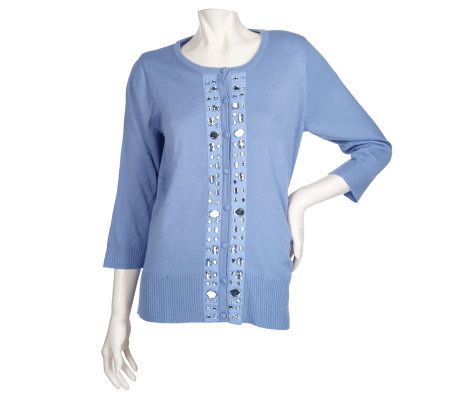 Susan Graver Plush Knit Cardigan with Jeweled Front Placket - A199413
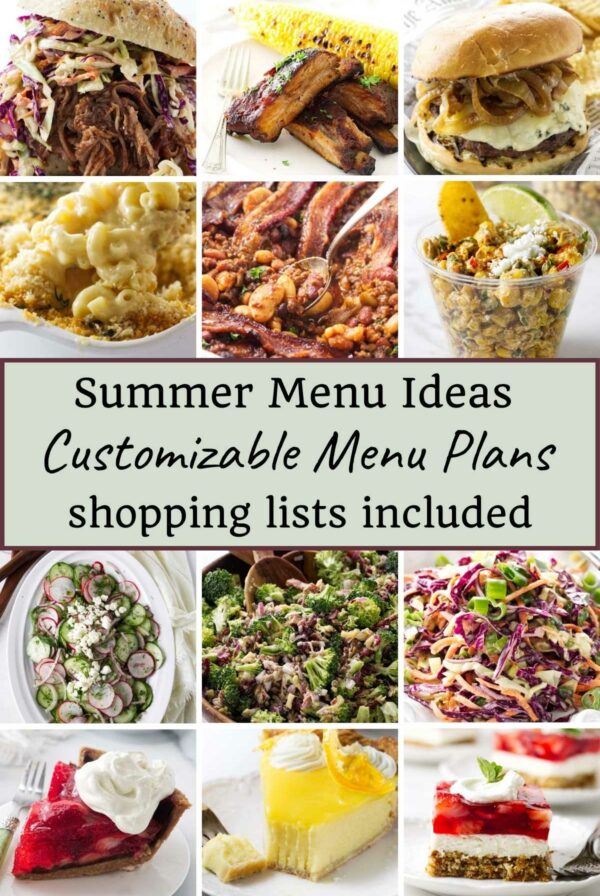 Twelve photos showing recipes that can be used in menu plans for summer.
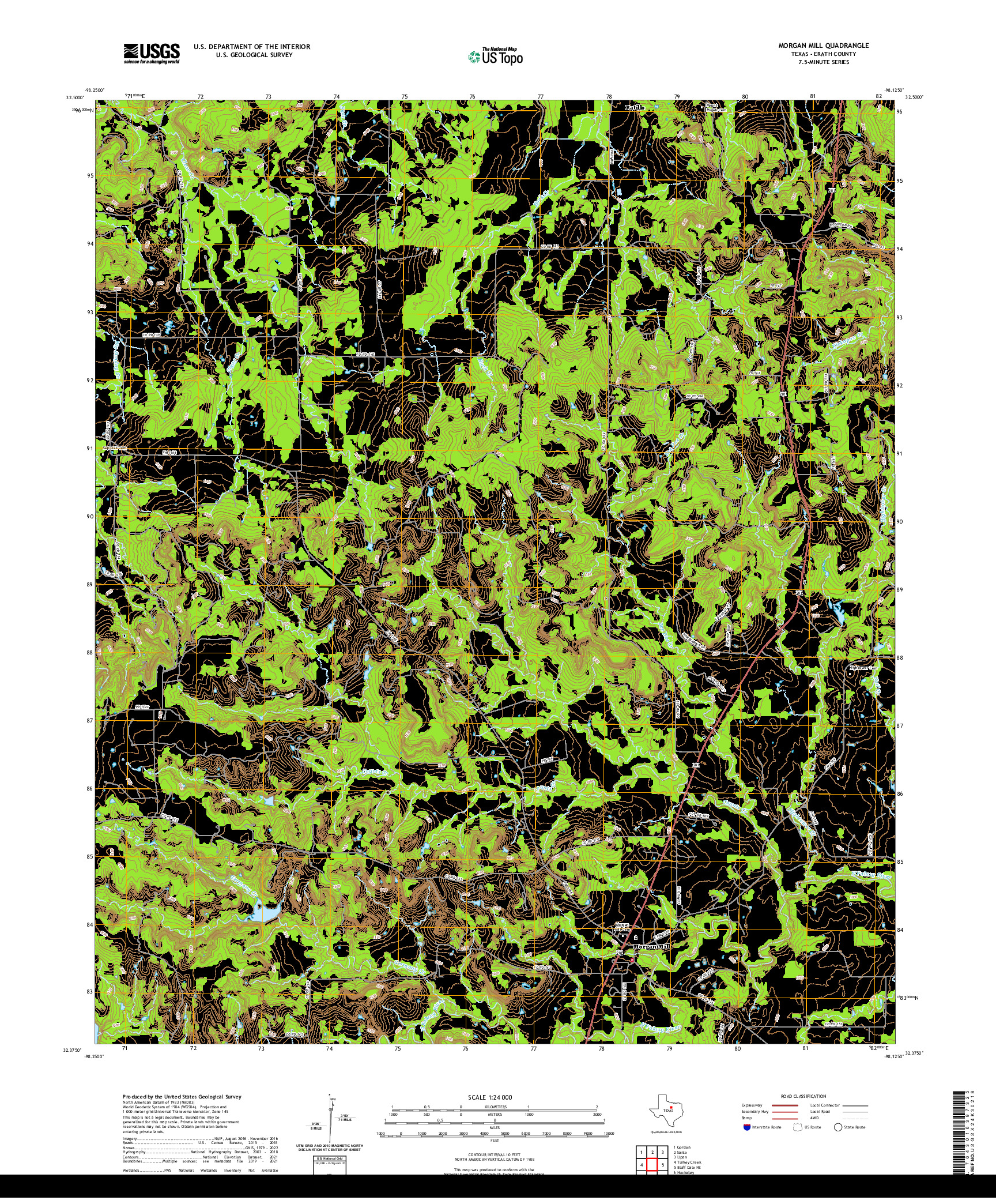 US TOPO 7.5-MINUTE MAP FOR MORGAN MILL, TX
--
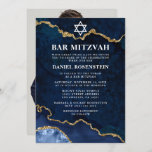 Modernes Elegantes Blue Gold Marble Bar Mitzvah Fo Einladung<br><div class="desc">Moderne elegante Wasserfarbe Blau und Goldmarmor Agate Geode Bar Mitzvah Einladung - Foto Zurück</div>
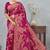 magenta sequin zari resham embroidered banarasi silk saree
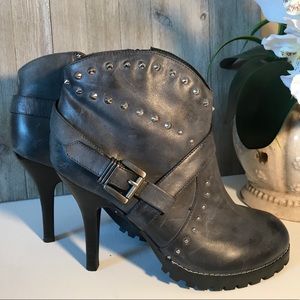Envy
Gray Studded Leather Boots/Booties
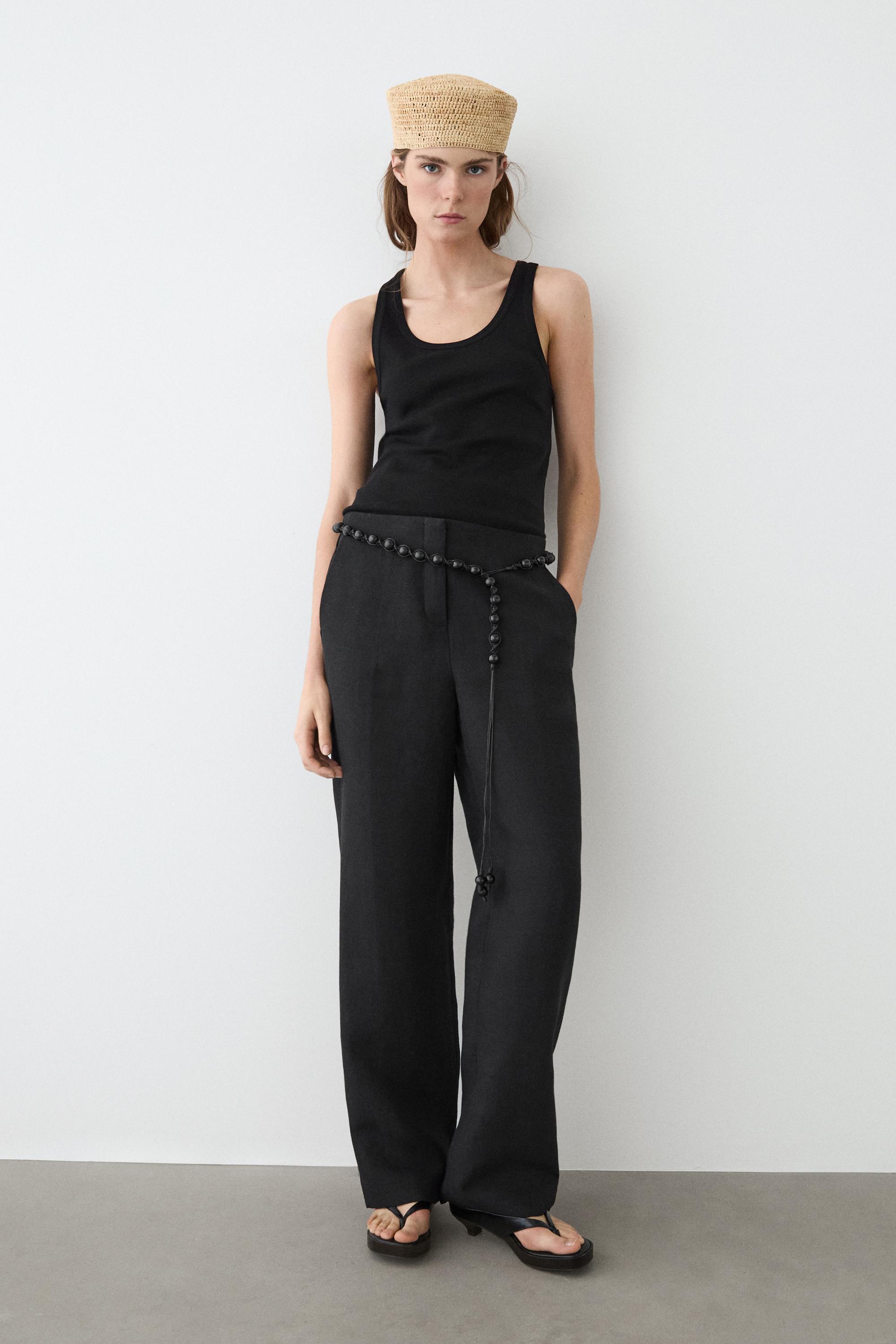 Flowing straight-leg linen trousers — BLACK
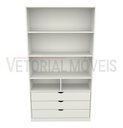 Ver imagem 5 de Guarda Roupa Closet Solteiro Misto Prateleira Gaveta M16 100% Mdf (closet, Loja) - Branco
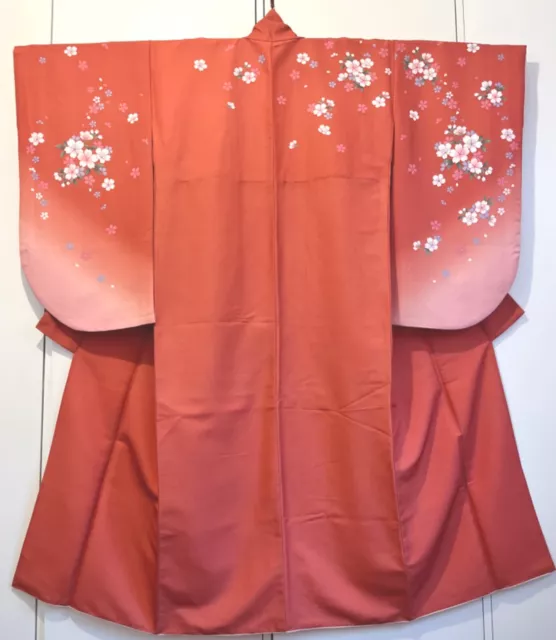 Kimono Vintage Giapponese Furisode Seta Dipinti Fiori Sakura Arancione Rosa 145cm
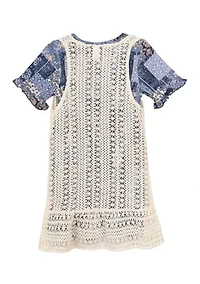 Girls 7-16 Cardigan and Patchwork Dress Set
...
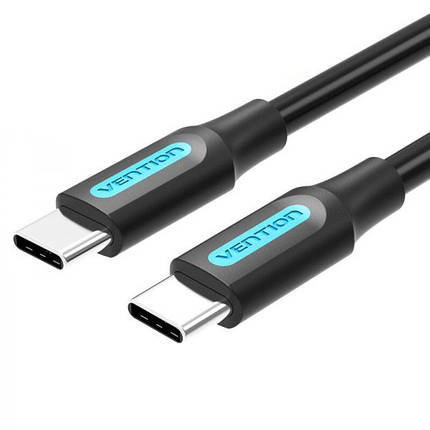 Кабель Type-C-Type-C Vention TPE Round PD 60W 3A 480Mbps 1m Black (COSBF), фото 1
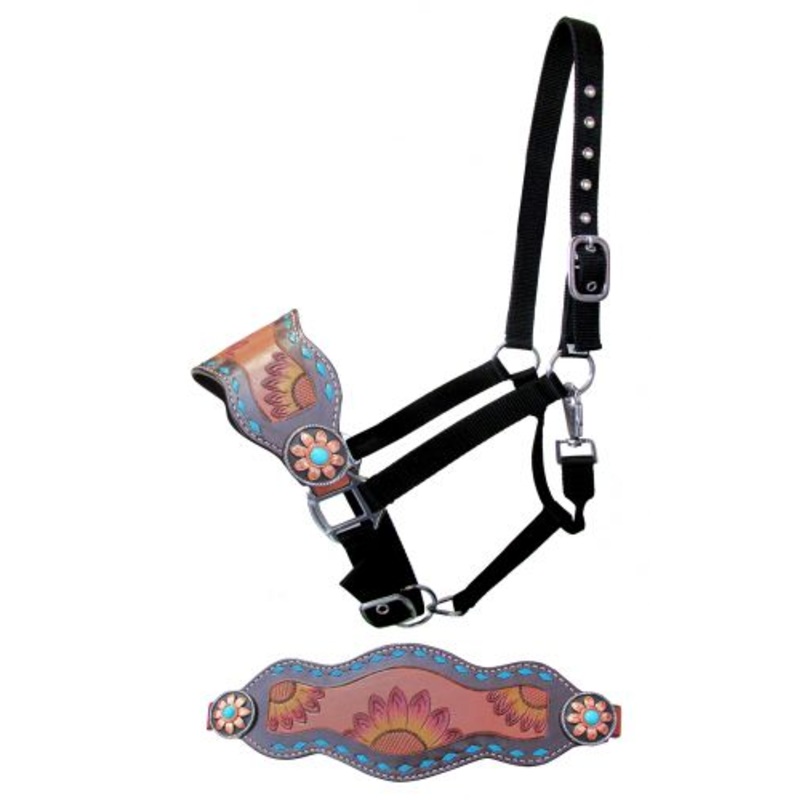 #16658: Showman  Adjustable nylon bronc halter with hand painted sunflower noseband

Task details:
Pictures are to be left out. Write out only the lines above starting at the one with "Ver imagem 5" and ending at the one with "Girls 7-16 Cardigan and Patchwork Dress Set", both lines included, exactly.

Exercise output:
 Ver imagem 5 de Guarda Roupa Closet Solteiro Misto Prateleira Gaveta M16 100% Mdf (closet, Loja) - Branco
 Kimono Vintage Giapponese Furisode Seta Dipinti Fiori Sakura Arancione Rosa 145cm
 Girls 7-16 Cardigan and Patchwork Dress Set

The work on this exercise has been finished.